Guilt and Legacy ThemeTracker
Guilt and Legacy Quotes in Reckoning
I swear sometimes I can feel that stone in my head. A palpable presence, an unwelcome thing that I want to squeeze out of my skull like a plum pip, using nothing but the sheer pressure of thought and concentration. If I just think hard enough…
That stone was my father’s legacy to me, his keepsake. Beneath his genial surface, somewhere in the depths, I would sometimes catch a glimpse—of a smooth, bone-colored stone. A stone made of calcified guilt and shame.
We were tugboats in the river of history, my father and I, pulling in opposite directions. He needed to forget. I need to remember. For him, only the present moment would set him free. For me, the key lies buried in the past. The only way forward is back.
It was not just Germans who hated the Jews—it was Poles as well. Betraying them, selling them, profiteering and collaborating in their destruction.
[…]
It was as if someone had plunged a red-hot iron into my sympathetic nervous system. Pain shot through my whole body. I lay on my bed trembling. The Poles were not just the good people. We were also the bad people. We had not helped the Jews. Had my father hurt the Jews?

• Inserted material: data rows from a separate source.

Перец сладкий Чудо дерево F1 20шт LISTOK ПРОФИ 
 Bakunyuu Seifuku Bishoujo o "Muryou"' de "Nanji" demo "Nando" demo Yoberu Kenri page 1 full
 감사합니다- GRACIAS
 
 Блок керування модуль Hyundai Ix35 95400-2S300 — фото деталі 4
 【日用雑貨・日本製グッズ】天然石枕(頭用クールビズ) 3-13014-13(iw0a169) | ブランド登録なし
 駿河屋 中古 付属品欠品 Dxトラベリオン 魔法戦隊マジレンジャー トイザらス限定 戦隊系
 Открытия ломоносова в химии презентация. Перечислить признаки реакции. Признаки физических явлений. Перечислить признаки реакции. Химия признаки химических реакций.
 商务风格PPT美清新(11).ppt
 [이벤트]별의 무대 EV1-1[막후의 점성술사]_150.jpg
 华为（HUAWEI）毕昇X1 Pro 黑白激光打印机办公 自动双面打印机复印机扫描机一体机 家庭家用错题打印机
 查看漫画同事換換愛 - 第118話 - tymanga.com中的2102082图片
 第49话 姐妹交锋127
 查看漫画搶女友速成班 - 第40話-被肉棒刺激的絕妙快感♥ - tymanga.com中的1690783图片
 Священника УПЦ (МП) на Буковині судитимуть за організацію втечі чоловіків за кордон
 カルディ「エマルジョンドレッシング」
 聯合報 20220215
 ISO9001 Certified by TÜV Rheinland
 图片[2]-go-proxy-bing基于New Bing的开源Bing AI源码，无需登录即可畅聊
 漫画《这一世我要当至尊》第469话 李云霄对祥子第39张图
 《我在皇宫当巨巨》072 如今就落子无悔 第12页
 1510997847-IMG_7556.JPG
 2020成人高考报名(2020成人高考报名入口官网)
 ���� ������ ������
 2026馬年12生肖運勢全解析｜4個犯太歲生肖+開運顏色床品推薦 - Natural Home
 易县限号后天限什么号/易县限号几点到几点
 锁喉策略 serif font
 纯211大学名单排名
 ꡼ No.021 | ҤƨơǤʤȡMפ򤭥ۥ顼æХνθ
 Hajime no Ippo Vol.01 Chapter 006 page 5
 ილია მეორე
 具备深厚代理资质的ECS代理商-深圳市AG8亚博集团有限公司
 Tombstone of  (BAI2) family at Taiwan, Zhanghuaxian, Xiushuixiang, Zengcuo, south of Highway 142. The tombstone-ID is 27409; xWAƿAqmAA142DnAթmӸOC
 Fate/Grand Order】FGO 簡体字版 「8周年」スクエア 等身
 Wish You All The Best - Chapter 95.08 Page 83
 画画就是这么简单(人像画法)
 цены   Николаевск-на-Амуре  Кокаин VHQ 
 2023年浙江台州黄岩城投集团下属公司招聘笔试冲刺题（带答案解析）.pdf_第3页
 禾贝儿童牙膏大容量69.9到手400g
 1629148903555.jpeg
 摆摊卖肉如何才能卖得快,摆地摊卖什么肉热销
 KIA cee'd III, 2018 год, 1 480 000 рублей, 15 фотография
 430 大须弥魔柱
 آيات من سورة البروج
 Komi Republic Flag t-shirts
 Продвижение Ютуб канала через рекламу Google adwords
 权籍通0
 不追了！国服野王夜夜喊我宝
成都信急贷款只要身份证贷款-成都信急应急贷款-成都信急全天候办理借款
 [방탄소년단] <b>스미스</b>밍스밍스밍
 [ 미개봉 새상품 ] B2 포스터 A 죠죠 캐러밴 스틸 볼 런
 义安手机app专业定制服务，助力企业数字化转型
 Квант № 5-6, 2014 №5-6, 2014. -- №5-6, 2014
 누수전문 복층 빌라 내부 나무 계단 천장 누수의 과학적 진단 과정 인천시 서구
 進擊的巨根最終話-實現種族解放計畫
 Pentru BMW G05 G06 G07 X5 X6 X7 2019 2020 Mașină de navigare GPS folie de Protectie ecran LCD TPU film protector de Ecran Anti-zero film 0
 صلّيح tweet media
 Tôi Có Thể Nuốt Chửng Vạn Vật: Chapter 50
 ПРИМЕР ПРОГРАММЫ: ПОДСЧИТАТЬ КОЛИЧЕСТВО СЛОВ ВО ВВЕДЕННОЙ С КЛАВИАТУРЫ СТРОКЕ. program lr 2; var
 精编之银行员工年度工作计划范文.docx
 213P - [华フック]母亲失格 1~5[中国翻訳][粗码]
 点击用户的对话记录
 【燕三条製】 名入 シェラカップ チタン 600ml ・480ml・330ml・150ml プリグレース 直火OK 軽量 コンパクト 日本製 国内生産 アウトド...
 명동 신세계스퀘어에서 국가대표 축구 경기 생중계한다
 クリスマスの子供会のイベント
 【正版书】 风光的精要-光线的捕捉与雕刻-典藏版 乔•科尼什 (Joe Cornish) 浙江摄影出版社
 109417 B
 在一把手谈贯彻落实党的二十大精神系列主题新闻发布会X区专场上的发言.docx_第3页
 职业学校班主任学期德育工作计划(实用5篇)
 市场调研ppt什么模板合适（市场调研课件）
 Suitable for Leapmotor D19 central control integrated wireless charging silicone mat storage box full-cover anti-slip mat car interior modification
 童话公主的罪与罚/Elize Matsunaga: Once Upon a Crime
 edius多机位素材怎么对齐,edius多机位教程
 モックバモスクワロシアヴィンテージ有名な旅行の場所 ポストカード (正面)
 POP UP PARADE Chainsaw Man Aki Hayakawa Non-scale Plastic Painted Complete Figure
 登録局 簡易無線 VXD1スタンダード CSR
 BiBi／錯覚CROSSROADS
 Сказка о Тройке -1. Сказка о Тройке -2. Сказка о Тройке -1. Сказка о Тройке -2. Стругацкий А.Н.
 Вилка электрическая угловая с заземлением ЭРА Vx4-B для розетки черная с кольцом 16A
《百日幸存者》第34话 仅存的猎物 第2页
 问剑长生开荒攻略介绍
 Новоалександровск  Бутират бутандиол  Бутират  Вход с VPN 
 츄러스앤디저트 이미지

It was from [his] arrested and idealized adolescent memory […] that my father’s […] standards of excellence were born, like Pallas Athena out of the head of Zeus. There was always something strangely Leni Riefenstahl-ish about my father’s veneration of sporting prowess. I recoiled from it instantly and forcefully: the moment I became proficient at a sport I began to feel like a Nazi and would stop.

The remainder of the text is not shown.